START PROVIDED DATA

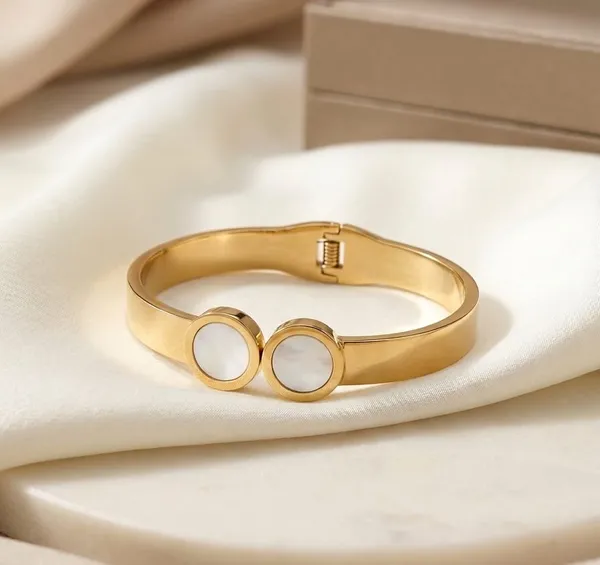 Gold_Tone_Minimalist_Cuff_Bracelet_for_Women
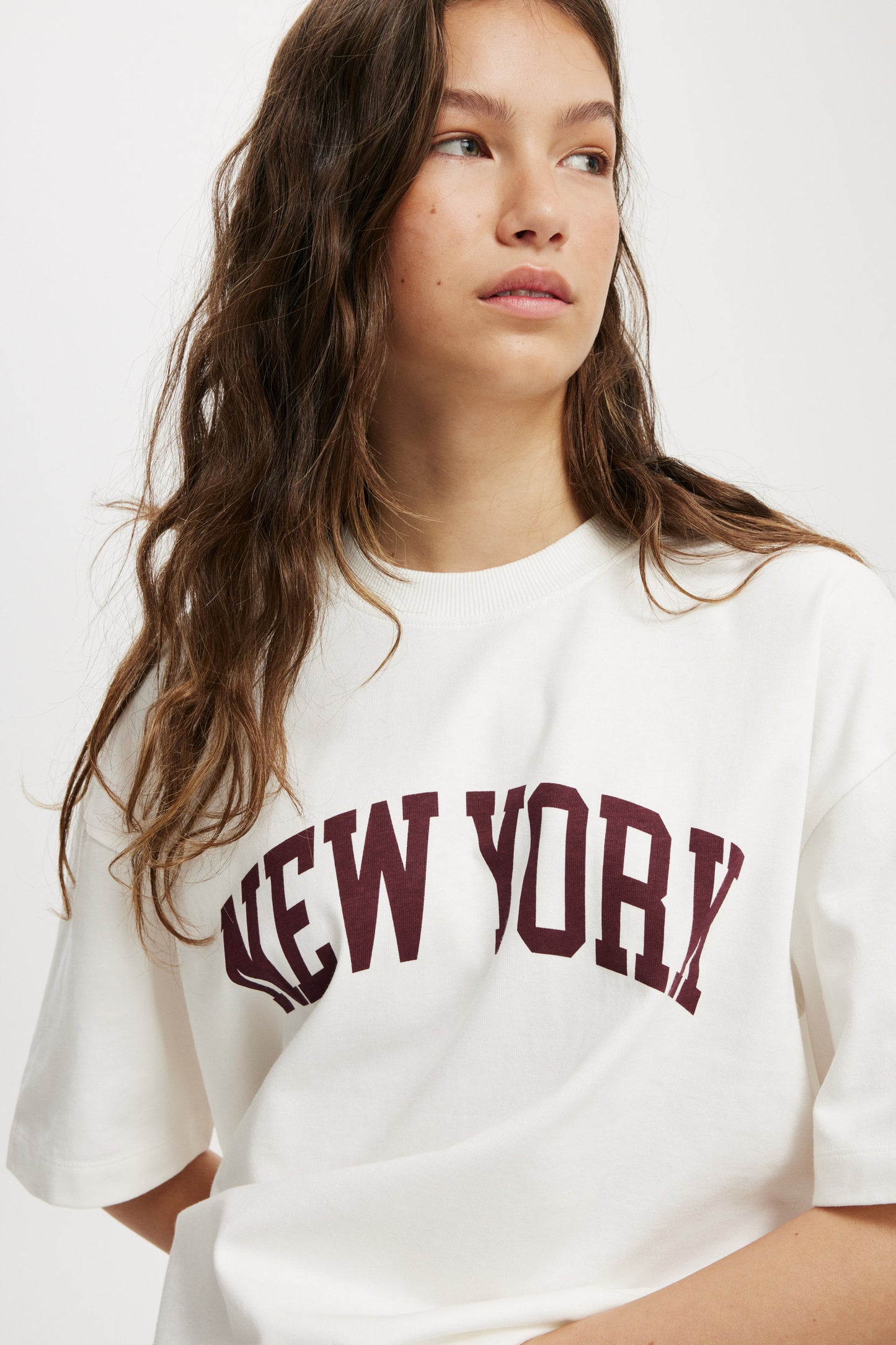 Camiseta - The Premium Boxy Graphic Tee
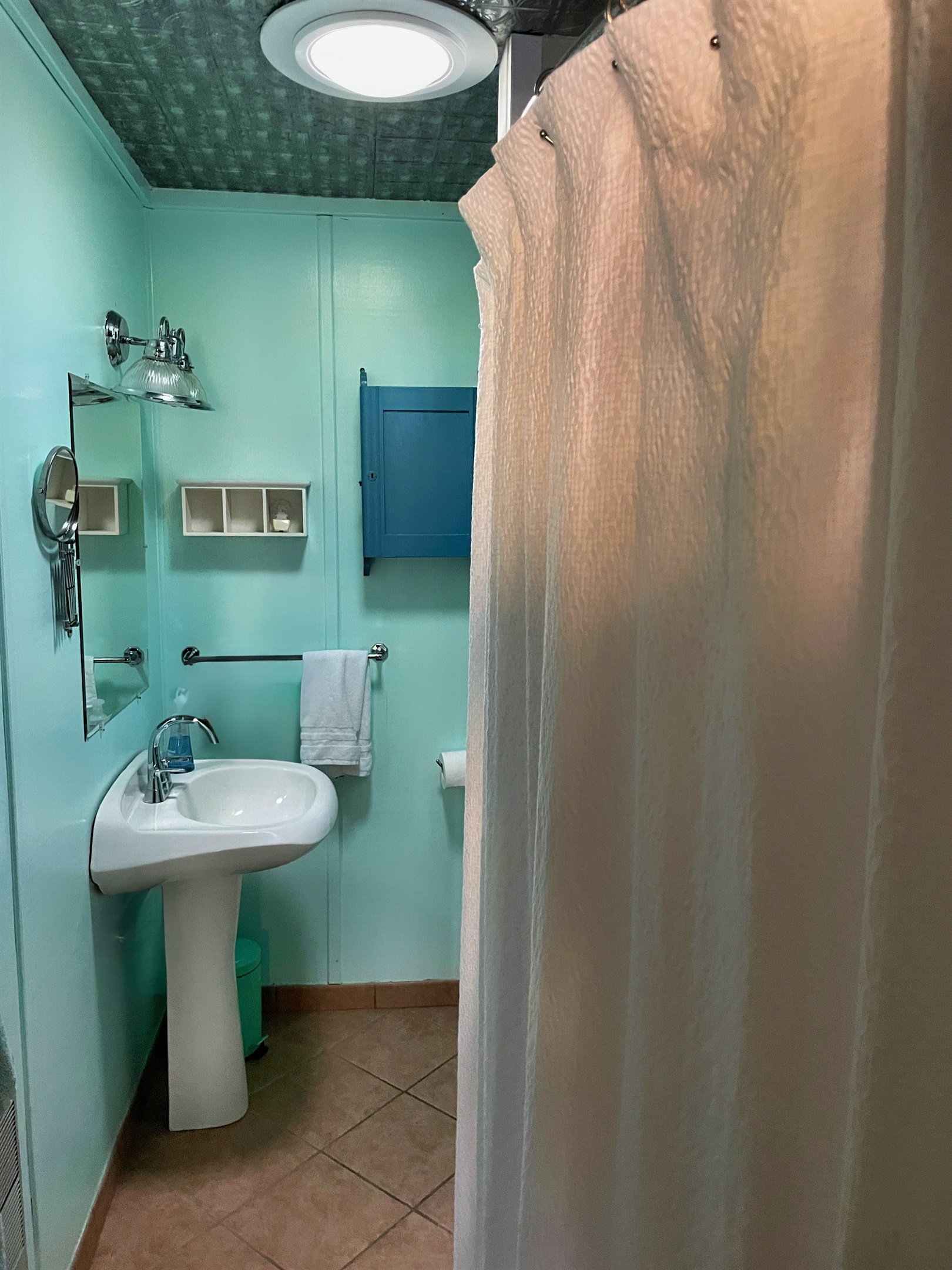 Big Pines full bathroom with classic tin ceiling detailing.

END PROVIDED DATA

▶ _REQUIRED WORK_
Retype the listing verbatim, minus every image.

▶ _RESULT FOR THIS TASK_
 Gold_Tone_Minimalist_Cuff_Bracelet_for_Women
 Camiseta - The Premium Boxy Graphic Tee
 Big Pines full bathroom with classic tin ceiling detailing.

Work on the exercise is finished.